私は学校制服のスカートを翻して血色の良い太ももを晒します。
「おお」「おふ」
タキシード二人組が目に眩しいとばかりに私の太ももに見とれます。曰く絶対領域。
「罪な子だな。お前様も」
ジュリアンは苦笑していました。
「それじゃセルゲームでもしますか。覚悟の決まった方からかかってらっしゃい」
掌を上に向けて指を折る。クイクイと。掛かってこい、のジェスチャーです。
「では俺からいこう」
と理事の息子が鋭利剣スラッシャーを構えます。
「――フレイムアロー!――」
「――後鬼霊水――」
ボンボンから生まれたのは火の矢。ちなみにこっちは霊水。
火矢と霊水の奔流が互いにぶつかり湯気が広がりました。立て続けに呪文を唱えます。
「――迦楼羅焔。迦楼羅焔。迦楼羅焔――」
迦楼羅。いわゆるガルーダ。魔を喰らい不浄を熱する神鳥です。不動明王が背負うアトリビュートでもあり、そのイメージは破格。カイザーフェニックスのように焔の鳥の姿で火炎の翼を打ち、風を纏ってボンボンに襲いかかります。
「くっ」
殺せ……とはいいませんよね流石に。まずこっちの準拠世界で通じるネタでもありませんし。鋭利剣スラッシャーが迦楼羅焔を切り裂こうとして…………、爆裂。手加減したので全身に一度の火傷。制服も焦げましたけど、耐刃耐火製らしく余程のことが無いと最悪の事態には至らないらしいようで。まぁ全力で迦楼羅焔を放ったら話はまた別でしょうけど。
「ふん。口ほどにも無い」
とは帝国貴族のボンボン。理事の息子を嘲笑うように睥睨しておりました。手に持つは粉砕鎚オーガハンマー。ハンマー型の霊魂兵装。
「では僕が参りましょうぞ」
「どうぞ如何無く」
「ファンタジックマテリアル!」
何ですソレ?
「――サンダーエンチャント!――」
英語は苦手なんですけど意味は通じました。要するにサクラメントに独自の魔術を纏わせたわけで。雷を纏った粉砕鎚オーガハンマー。

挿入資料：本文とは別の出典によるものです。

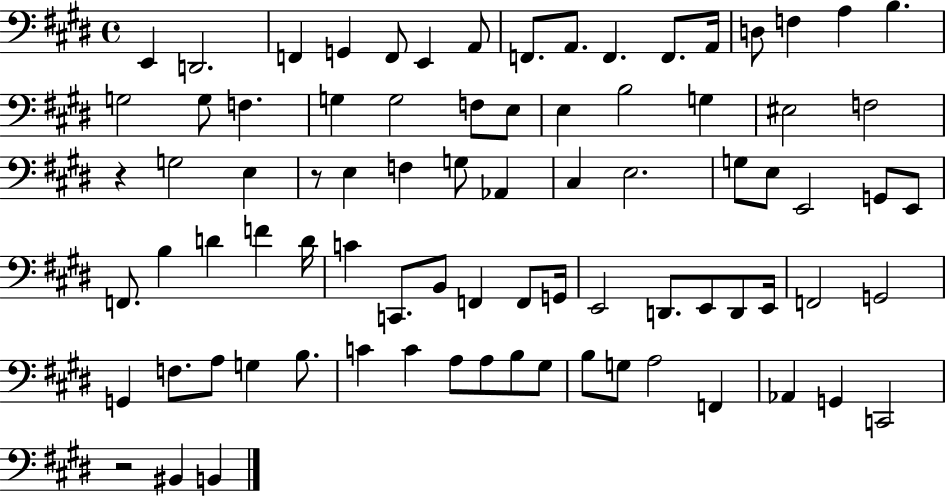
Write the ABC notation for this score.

X:1
T:Untitled
M:4/4
L:1/4
K:E
E,, D,,2 F,, G,, F,,/2 E,, A,,/2 F,,/2 A,,/2 F,, F,,/2 A,,/4 D,/2 F, A, B, G,2 G,/2 F, G, G,2 F,/2 E,/2 E, B,2 G, ^E,2 F,2 z G,2 E, z/2 E, F, G,/2 _A,, ^C, E,2 G,/2 E,/2 E,,2 G,,/2 E,,/2 F,,/2 B, D F D/4 C C,,/2 B,,/2 F,, F,,/2 G,,/4 E,,2 D,,/2 E,,/2 D,,/2 E,,/4 F,,2 G,,2 G,, F,/2 A,/2 G, B,/2 C C A,/2 A,/2 B,/2 ^G,/2 B,/2 G,/2 A,2 F,, _A,, G,, C,,2 z2 ^B,, B,,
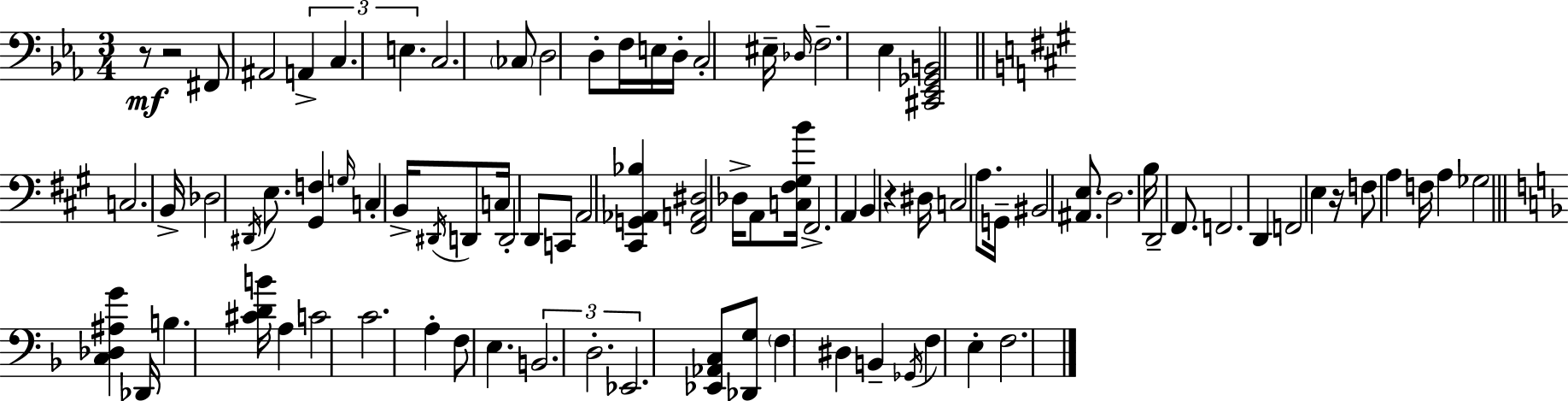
{
  \clef bass
  \numericTimeSignature
  \time 3/4
  \key ees \major
  r8\mf r2 fis,8 | ais,2 \tuplet 3/2 { a,4-> | c4. e4. } | c2. | \break \parenthesize ces8 d2 d8-. | f16 e16 d16-. c2-. eis16-- | \grace { des16 } f2.-- | ees4 <cis, ees, ges, b,>2 | \break \bar "||" \break \key a \major c2. | b,16-> des2 \acciaccatura { dis,16 } e8. | <gis, f>4 \grace { g16 } c4-. b,16-> \acciaccatura { dis,16 } | d,8 c16 d,2-. d,8 | \break c,8 a,2 <cis, g, aes, bes>4 | <fis, a, dis>2 des16-> | a,8 <c fis gis b'>16 fis,2.-> | a,4 b,4 r4 | \break dis16 c2 | a8. g,16-- bis,2 | <ais, e>8. d2. | b16 d,2-- | \break fis,8. f,2. | d,4 f,2 | e4 r16 f8 a4 | f16 a4 ges2 | \break \bar "||" \break \key f \major <c des ais g'>4 des,16 b4. <cis' d' b'>16 | a4 c'2 | c'2. | a4-. f8 e4. | \break \tuplet 3/2 { b,2. | d2.-. | ees,2. } | <ees, aes, c>8 <des, g>8 \parenthesize f4 dis4 | \break b,4-- \acciaccatura { ges,16 } f4 e4-. | f2. | \bar "|."
}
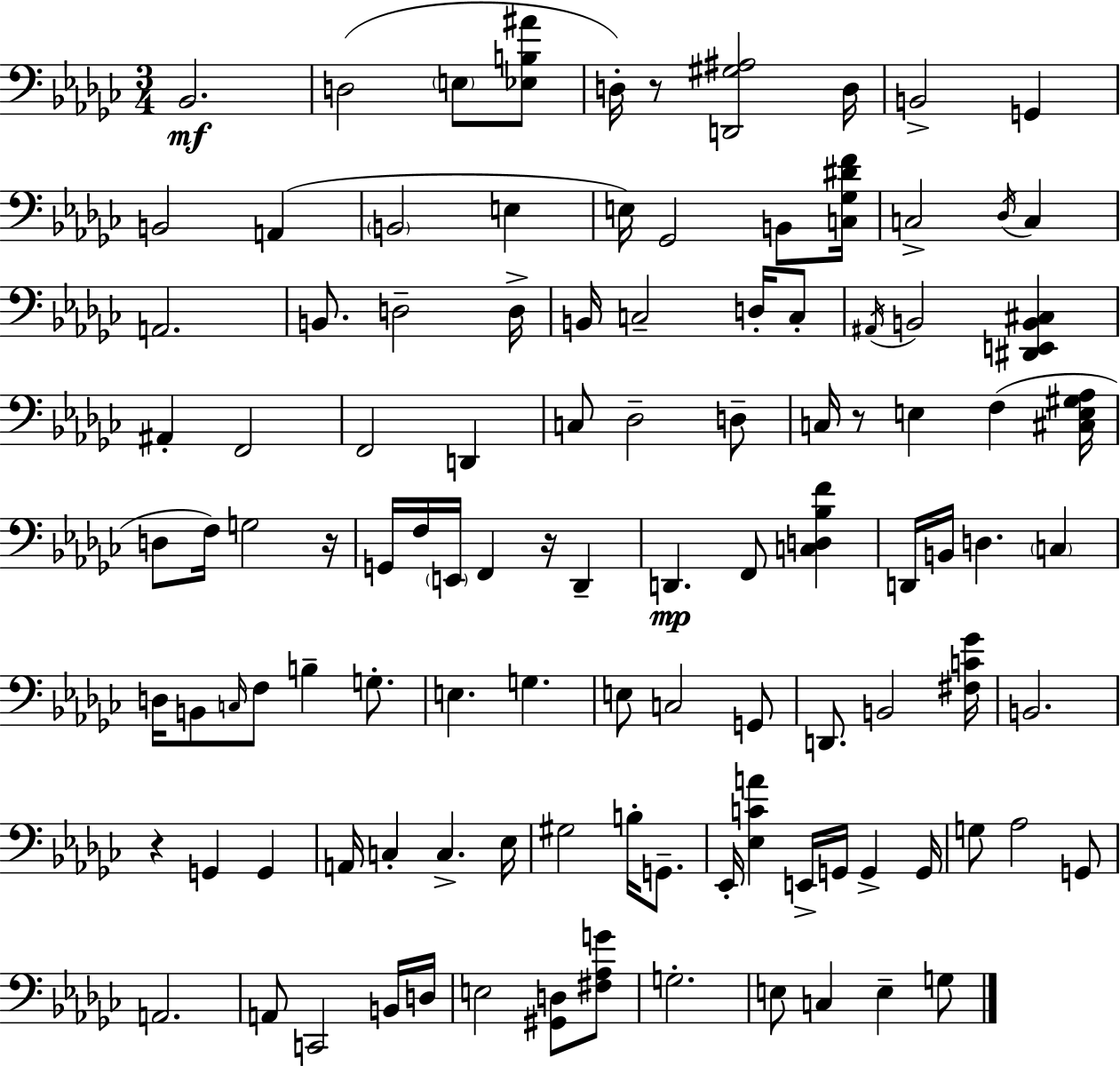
X:1
T:Untitled
M:3/4
L:1/4
K:Ebm
_B,,2 D,2 E,/2 [_E,B,^A]/2 D,/4 z/2 [D,,^G,^A,]2 D,/4 B,,2 G,, B,,2 A,, B,,2 E, E,/4 _G,,2 B,,/2 [C,_G,^DF]/4 C,2 _D,/4 C, A,,2 B,,/2 D,2 D,/4 B,,/4 C,2 D,/4 C,/2 ^A,,/4 B,,2 [^D,,E,,B,,^C,] ^A,, F,,2 F,,2 D,, C,/2 _D,2 D,/2 C,/4 z/2 E, F, [^C,E,^G,_A,]/4 D,/2 F,/4 G,2 z/4 G,,/4 F,/4 E,,/4 F,, z/4 _D,, D,, F,,/2 [C,D,_B,F] D,,/4 B,,/4 D, C, D,/4 B,,/2 C,/4 F,/2 B, G,/2 E, G, E,/2 C,2 G,,/2 D,,/2 B,,2 [^F,C_G]/4 B,,2 z G,, G,, A,,/4 C, C, _E,/4 ^G,2 B,/4 G,,/2 _E,,/4 [_E,CA] E,,/4 G,,/4 G,, G,,/4 G,/2 _A,2 G,,/2 A,,2 A,,/2 C,,2 B,,/4 D,/4 E,2 [^G,,D,]/2 [^F,_A,G]/2 G,2 E,/2 C, E, G,/2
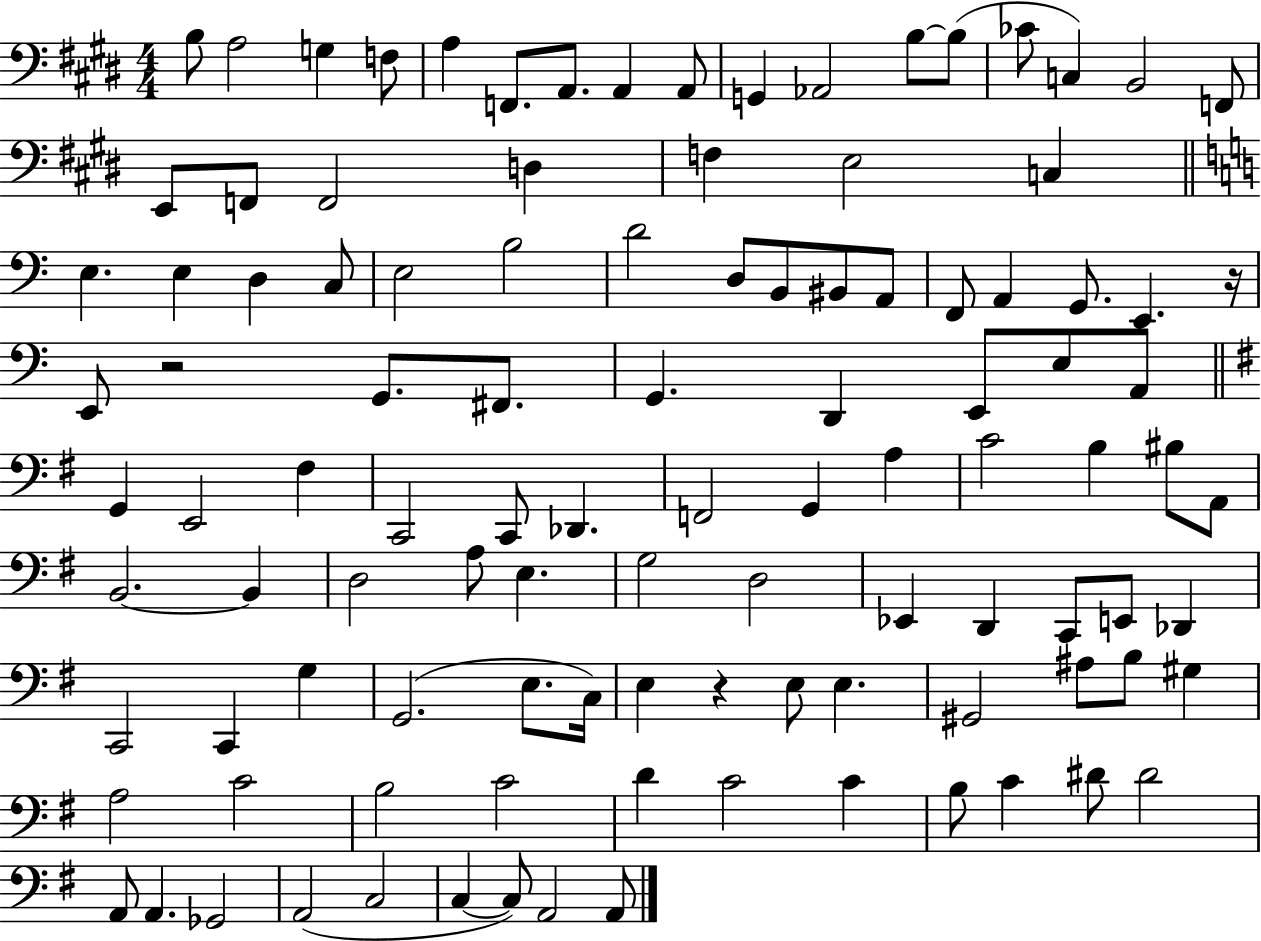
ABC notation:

X:1
T:Untitled
M:4/4
L:1/4
K:E
B,/2 A,2 G, F,/2 A, F,,/2 A,,/2 A,, A,,/2 G,, _A,,2 B,/2 B,/2 _C/2 C, B,,2 F,,/2 E,,/2 F,,/2 F,,2 D, F, E,2 C, E, E, D, C,/2 E,2 B,2 D2 D,/2 B,,/2 ^B,,/2 A,,/2 F,,/2 A,, G,,/2 E,, z/4 E,,/2 z2 G,,/2 ^F,,/2 G,, D,, E,,/2 E,/2 A,,/2 G,, E,,2 ^F, C,,2 C,,/2 _D,, F,,2 G,, A, C2 B, ^B,/2 A,,/2 B,,2 B,, D,2 A,/2 E, G,2 D,2 _E,, D,, C,,/2 E,,/2 _D,, C,,2 C,, G, G,,2 E,/2 C,/4 E, z E,/2 E, ^G,,2 ^A,/2 B,/2 ^G, A,2 C2 B,2 C2 D C2 C B,/2 C ^D/2 ^D2 A,,/2 A,, _G,,2 A,,2 C,2 C, C,/2 A,,2 A,,/2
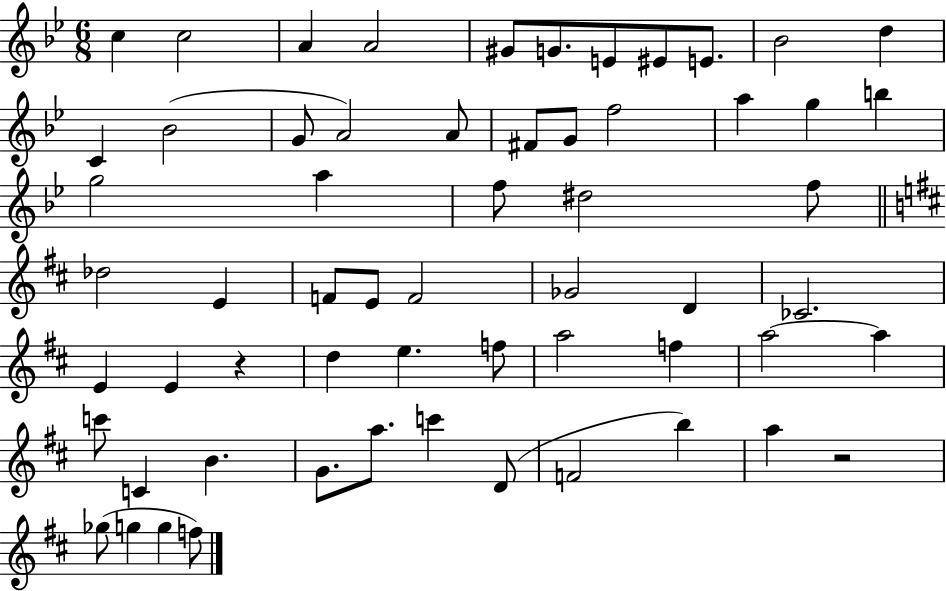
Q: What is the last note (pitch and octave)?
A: F5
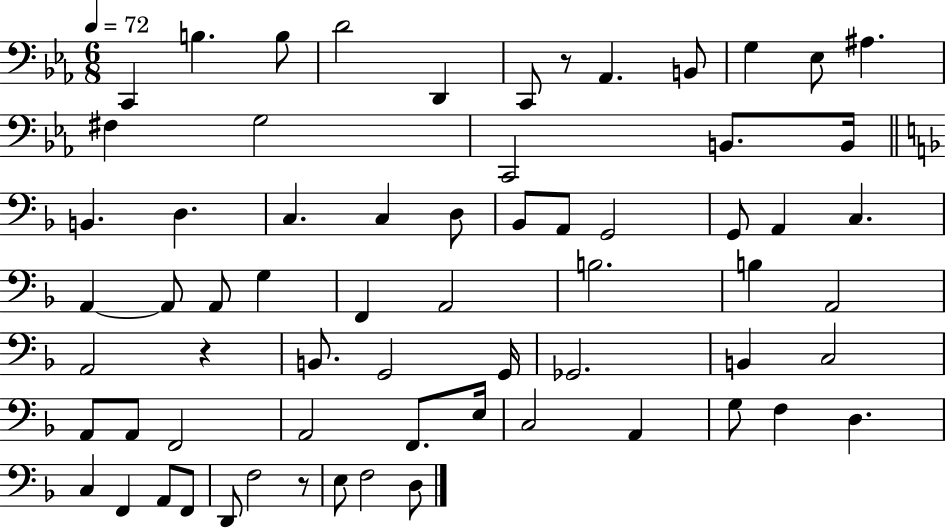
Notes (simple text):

C2/q B3/q. B3/e D4/h D2/q C2/e R/e Ab2/q. B2/e G3/q Eb3/e A#3/q. F#3/q G3/h C2/h B2/e. B2/s B2/q. D3/q. C3/q. C3/q D3/e Bb2/e A2/e G2/h G2/e A2/q C3/q. A2/q A2/e A2/e G3/q F2/q A2/h B3/h. B3/q A2/h A2/h R/q B2/e. G2/h G2/s Gb2/h. B2/q C3/h A2/e A2/e F2/h A2/h F2/e. E3/s C3/h A2/q G3/e F3/q D3/q. C3/q F2/q A2/e F2/e D2/e F3/h R/e E3/e F3/h D3/e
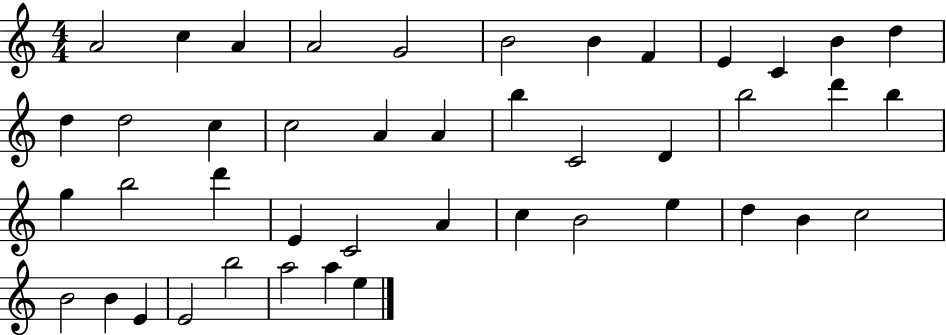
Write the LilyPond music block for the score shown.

{
  \clef treble
  \numericTimeSignature
  \time 4/4
  \key c \major
  a'2 c''4 a'4 | a'2 g'2 | b'2 b'4 f'4 | e'4 c'4 b'4 d''4 | \break d''4 d''2 c''4 | c''2 a'4 a'4 | b''4 c'2 d'4 | b''2 d'''4 b''4 | \break g''4 b''2 d'''4 | e'4 c'2 a'4 | c''4 b'2 e''4 | d''4 b'4 c''2 | \break b'2 b'4 e'4 | e'2 b''2 | a''2 a''4 e''4 | \bar "|."
}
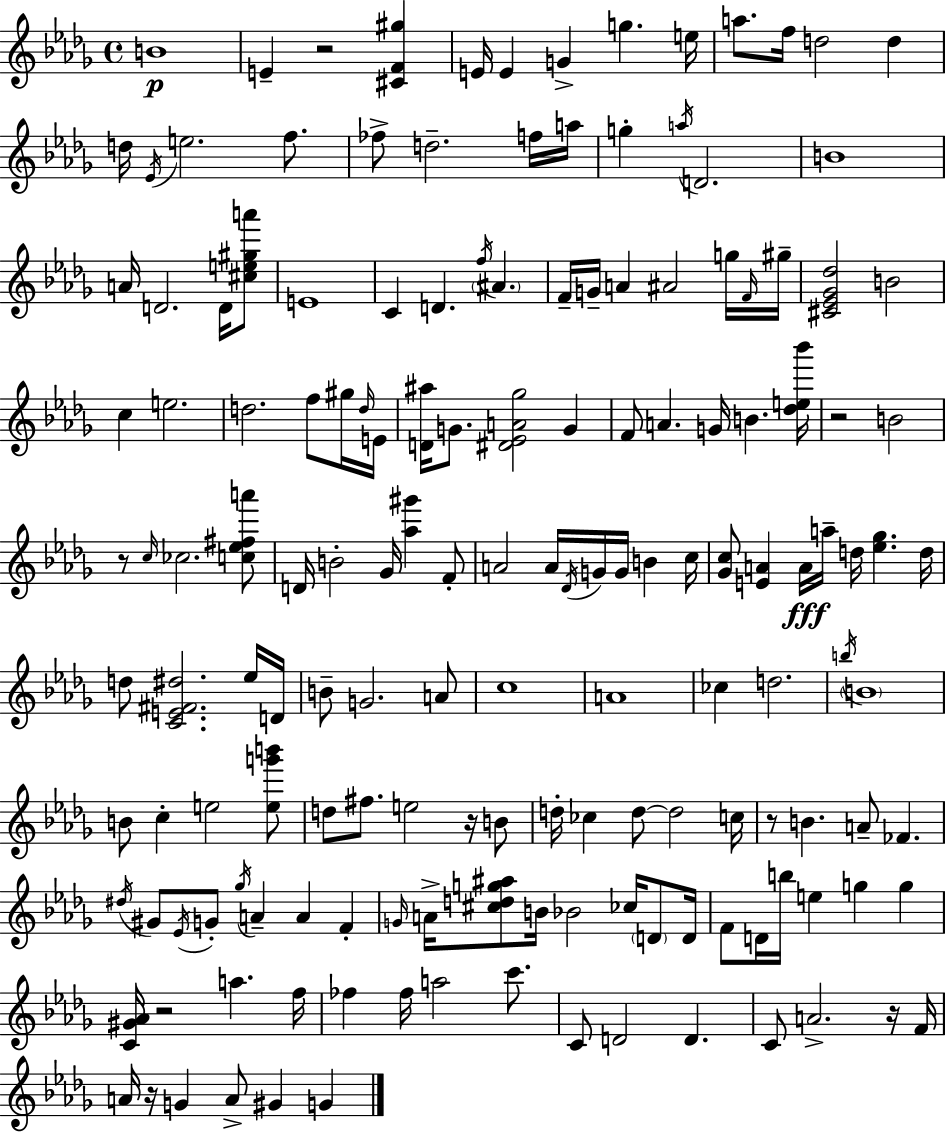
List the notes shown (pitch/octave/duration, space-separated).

B4/w E4/q R/h [C#4,F4,G#5]/q E4/s E4/q G4/q G5/q. E5/s A5/e. F5/s D5/h D5/q D5/s Eb4/s E5/h. F5/e. FES5/e D5/h. F5/s A5/s G5/q A5/s D4/h. B4/w A4/s D4/h. D4/s [C#5,E5,G#5,A6]/e E4/w C4/q D4/q. F5/s A#4/q. F4/s G4/s A4/q A#4/h G5/s F4/s G#5/s [C#4,Eb4,Gb4,Db5]/h B4/h C5/q E5/h. D5/h. F5/e G#5/s D5/s E4/s [D4,A#5]/s G4/e. [D#4,Eb4,A4,Gb5]/h G4/q F4/e A4/q. G4/s B4/q. [Db5,E5,Bb6]/s R/h B4/h R/e C5/s CES5/h. [C5,Eb5,F#5,A6]/e D4/s B4/h Gb4/s [Ab5,G#6]/q F4/e A4/h A4/s Db4/s G4/s G4/s B4/q C5/s [Gb4,C5]/e [E4,A4]/q A4/s A5/s D5/s [Eb5,Gb5]/q. D5/s D5/e [C4,E4,F#4,D#5]/h. Eb5/s D4/s B4/e G4/h. A4/e C5/w A4/w CES5/q D5/h. B5/s B4/w B4/e C5/q E5/h [E5,G6,B6]/e D5/e F#5/e. E5/h R/s B4/e D5/s CES5/q D5/e D5/h C5/s R/e B4/q. A4/e FES4/q. D#5/s G#4/e Eb4/s G4/e Gb5/s A4/q A4/q F4/q G4/s A4/s [C#5,D5,G5,A#5]/e B4/s Bb4/h CES5/s D4/e D4/s F4/e D4/s B5/s E5/q G5/q G5/q [C4,G#4,Ab4]/s R/h A5/q. F5/s FES5/q FES5/s A5/h C6/e. C4/e D4/h D4/q. C4/e A4/h. R/s F4/s A4/s R/s G4/q A4/e G#4/q G4/q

「怪我しないように手加減はしますけど、頼れる男を示すには少しの怪我も已む無し」
「ですねぇ」
ヘッと鼻で笑って差し上げる。
「海底二万!」
「参る!」
上段から雷付きのハンマーが振り下ろされる。
……あの、打ち所悪いと脳挫傷になるんですけど。
私はと言えば、ギリギリで避けて懐に潜り込みます。近距離。魔術の距離じゃ在りませんね。例外を除いて。